Cette acquisition s'est faite par cession de titres du groupe Mobivia. La startup a également levé 8 millions d'euros, notamment auprès du fonds Ecotechnologies de BPI France.
Mounia Van de Casteele

2 mn

L'objectif de cette application mobile est que tout le monde ait une voiture à distance de marche, c'est-à-dire à moins de 500 mètres, explique son fondateur à La Tribune.
L'objectif de cette application mobile est que "tout le monde ait une voiture à distance de marche", c'est-à-dire à moins de 500 mètres, explique son fondateur à La Tribune. (Crédits : Drivy)

Les affaires roulent pour celui qui se targue d'être le leader mondial de la location de voiture entre particuliers. Drivy annonce en effet une double opération ce jeudi 2 avril. D'une part l'entreprise a mis la main sur son concurrent, la startup Buzzcar, par un apport de titres du groupe Mobivia, précise à La Tribune Paulin Dementhon, le fondateur et président de Drivy. Et de se réjouir:

"Nous sommes plus gros que les trente startups qui existent dans le monde"

Troisième levée de fonds

D'autre part, l'entreprise a réalisé un nouveau tour de table. Ce qui lui a ainsi permis de lever huit millions d'euros auprès de Via ID (groupe Mobivia), du fonds Ecotechnologies de BPI France et des investisseurs historiques Index Ventures et Alven Capital. Elle avait précédemment augmenté son capital de deux millions en 2012 et de six en 2014.

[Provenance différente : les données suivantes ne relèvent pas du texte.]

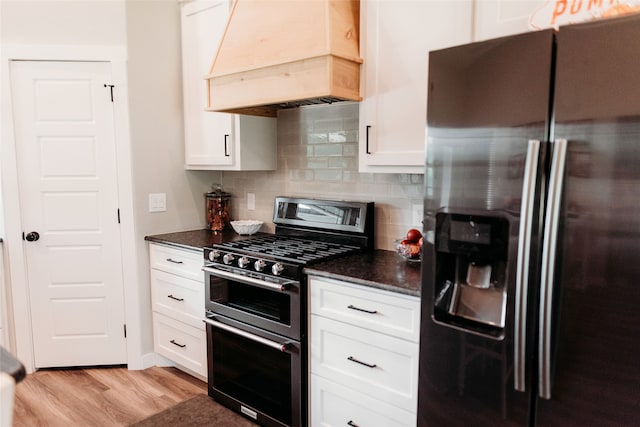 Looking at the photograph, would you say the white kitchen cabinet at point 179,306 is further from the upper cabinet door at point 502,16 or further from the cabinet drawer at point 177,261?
the upper cabinet door at point 502,16

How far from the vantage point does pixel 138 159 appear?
310cm

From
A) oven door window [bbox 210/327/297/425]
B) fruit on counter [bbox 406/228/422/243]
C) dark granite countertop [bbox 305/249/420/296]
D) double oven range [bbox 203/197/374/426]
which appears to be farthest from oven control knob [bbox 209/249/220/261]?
fruit on counter [bbox 406/228/422/243]

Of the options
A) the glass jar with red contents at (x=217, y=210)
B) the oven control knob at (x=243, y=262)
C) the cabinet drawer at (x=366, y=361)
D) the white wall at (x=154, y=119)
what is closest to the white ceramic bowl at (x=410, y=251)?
the cabinet drawer at (x=366, y=361)

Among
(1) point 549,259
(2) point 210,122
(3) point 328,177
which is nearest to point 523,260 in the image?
(1) point 549,259

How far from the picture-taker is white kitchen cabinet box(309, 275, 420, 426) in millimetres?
1884

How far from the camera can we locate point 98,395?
2.89 meters

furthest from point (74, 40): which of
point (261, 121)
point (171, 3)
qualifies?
point (261, 121)

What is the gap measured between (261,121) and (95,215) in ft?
4.24

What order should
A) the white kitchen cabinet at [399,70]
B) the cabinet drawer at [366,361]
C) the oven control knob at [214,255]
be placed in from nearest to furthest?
the cabinet drawer at [366,361] → the white kitchen cabinet at [399,70] → the oven control knob at [214,255]

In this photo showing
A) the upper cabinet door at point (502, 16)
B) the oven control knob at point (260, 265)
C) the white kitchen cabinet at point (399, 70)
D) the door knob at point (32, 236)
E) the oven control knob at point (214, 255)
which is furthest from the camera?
the door knob at point (32, 236)

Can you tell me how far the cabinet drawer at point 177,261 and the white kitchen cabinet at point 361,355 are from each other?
96 cm

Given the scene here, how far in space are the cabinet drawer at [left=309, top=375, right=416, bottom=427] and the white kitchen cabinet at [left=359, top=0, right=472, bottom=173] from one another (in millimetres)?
1059

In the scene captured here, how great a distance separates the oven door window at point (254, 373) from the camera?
7.63ft

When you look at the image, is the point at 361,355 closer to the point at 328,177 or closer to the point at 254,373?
the point at 254,373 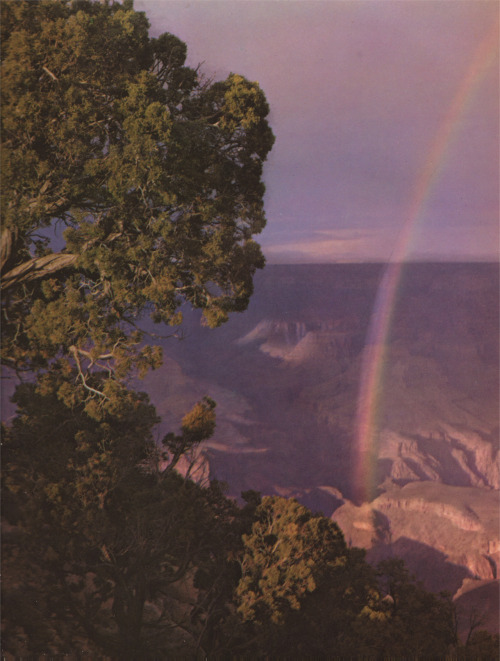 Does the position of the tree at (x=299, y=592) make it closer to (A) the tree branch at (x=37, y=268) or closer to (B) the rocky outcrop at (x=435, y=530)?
(A) the tree branch at (x=37, y=268)

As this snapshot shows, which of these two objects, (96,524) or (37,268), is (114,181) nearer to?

La jeune stratup espère ainsi accélérer son développement. Non seulement en poursuivant son expansion européenne - entamée en 2014 par l'ouverture d'une filiale allemande - en s'exportant en Espagne et en Europe de l'Ouest (soit au Royaume-Uni, soit en Italie), mais surtout en misant sur la R&D et l'innovation, insiste Paulin Dementhon :

"Nous voulons rendre la location toujours plus flexible et instantanée."

Devenir le Uber du secteur

Ce développement passe notamment par la densification de leur réseau. "Sur toutes les places de marché, il existe un cercle vertueux : plus il y a de monde sur une plateforme, plus elle devient utile", explique ainsi à celui qui ambitionne de devenir le Uber de la location de voitures entre particuliers. L'objectif étant que "tout le monde ait une voiture à distance de marche, c'est-à-dire à moins de 500 mètres".

Pour cela, la startup veut un maillage beaucoup plus important, évoquant les 2.000 voitures de Paris intramuros, qu'il compare aux 300 stations de métro ou encore aux Autolib'. Si le jeune président estime que le marché de la location de voiture entre particuliers peut être multiplié par dix d'ici les dix prochaines années, il ne manque pas de souligner la complémentarité des différents services qui forment l'écosystème de la voiture partagée, de Drivy à Uber en passant par les loueurs traditionnels et Autolib'...

Innover autant que possible

Côté innovation technologique, le fondateur de Drivy veut se donner les moyens de "créer des services dans tous les domaines". Cela passe aussi bien par un service de conciergerie, que par l'entière digitalisation du service. À savoir, permettre au client de dématérialiser les formulaires de location de véhicule, afin que tout puisse être fait sur application mobile.

Il évoque également le souhait de pouvoir garantir au client de trouver le propriétaire qui lui convient, tout en l'accompagnant.

Autre idée soulevée par le dirigeant : celle de pouvoir louer une voiture quatre heures en la réservant seulement une demi heure avant, contre les habituels trois jours de location prévue 24 heures à l'avance, confie-t-il. En attendant, les idées ne manquent pas.